Le pire, au fond, est que l'on ne se pose guère ces questions. Le festival de métal, les rassemblements de motards, avec leur participants aussi nombreux que bien visibles, ne représentent qu'un segment particulier dans l'immense diversité de ces pratiques individuelles ou collectives à propos desquelles Christian Bromberger a rassemblé quelques études. Mais le rock, la moto, ou les jeux vidéos possèdent aussi, en corrupteurs de la jeunesse, une dimension déviante, et recèlent un potentiel substantiel de provocation.
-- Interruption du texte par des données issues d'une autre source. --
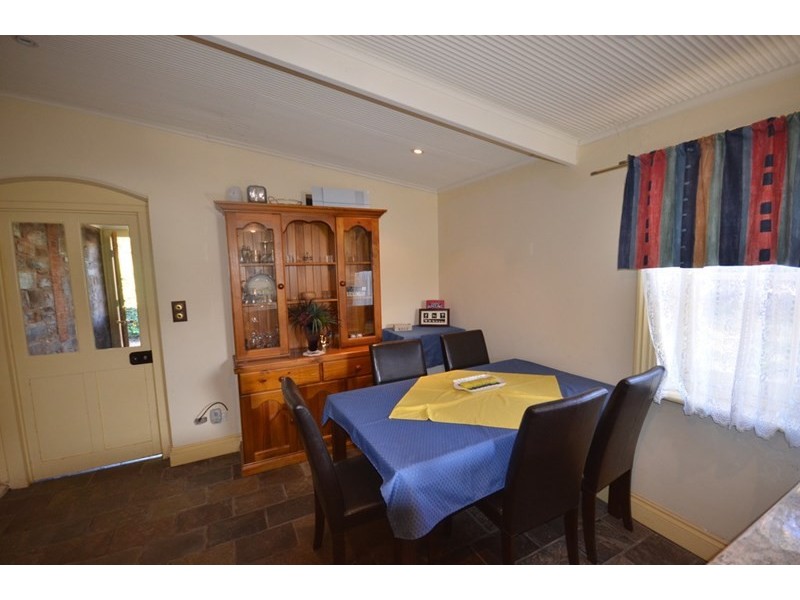 8 West Street, Burra SA 5417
Dès lors, deux attitudes sont possibles. On peut, dans un ordre d'idées libéral, respecter les choix faits par des adultes, s'assurer qu'ils n'enfreignent pas la loi et prendre les mesures appropriées en cas de besoin : c'est, sur le terrain, assez souvent ainsi que les forces de l'ordre procèdent. Emprunter le chemin contraire entraîne toute une série de conséquences dont la moindre n'est pas ce sommet de ridicule atteint lorsqu'une vertueuse coopérative de magasins décide de retirer de ses rayons les exemplaires d'un jeu vidéo qui se pratique en ligne, et s'achète donc tout aussi bien de la même manière, indiquant ainsi aux amateurs la voie à suivre.
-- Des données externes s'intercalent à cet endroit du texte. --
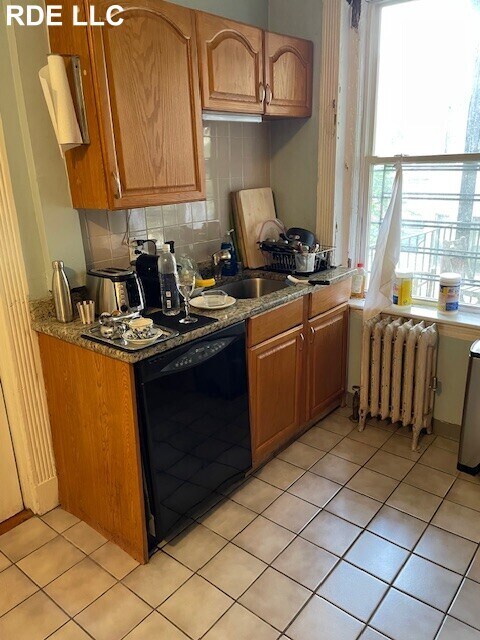 Foto principal - 158 Kelton St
Car on sort alors du domaine du droit, et de son respect, pour entrer dans celui de la morale, et des prohibitions que l'on se permet en son nom. On abandonne les affaires publiques pour se mêler de la vie privée. N'aimant rien tant que de jouer les directeurs de conscience, les militants de l'ordre moral n'éprouvent aucun scrupule à franchir ce pas, ne concevant même pas que l'on puisse leur en tenir grief puisqu'il sont, eux, persuadés à la fois d'être du côté du bien, d'agir dans leur bon droit, et de répliquer à une agression qui les touche dans ce qui les justifie, leur foi. Les tribunaux, bien sûr, sont là pour mettre un terme aux atteintes les plus visibles. Mais la loi ne contraint pas les choix de quantités d'acteurs qui ont intérêt à obéir à certains impératifs, acteurs dont les décisions se voient en particulier sur ces canaux de télévision dont la diversité de la programmation évolue en fonction inverse de leur nombre. Cette censure de tout ce qui ne pourrait pas passer sur TF1 à 20h30 oblige ceux qui en subissent les conséquences à s'organiser autrement ; comme leurs passions ordinaires rassemblent suffisamment d'amateurs pour assurer leur pérennité, ils s'organisent à l'écart des canaux institutionnels, et prospèrent dans leur coin, avec leur presse, leurs rendez-vous réguliers, et Internet pour relier tout ça. On tourne, mais en rond : et puisque la passion trouve moyen de s'exprimer, réclamer plus, réclamer donc un traitement équitable et un respect de ses droits et de ses libertés, se paye d'un effort coûteux dont le succès semble aléatoire. Aussi, on reste dans son monde, entre soi, perdant ainsi toute chance de jamais en sortir.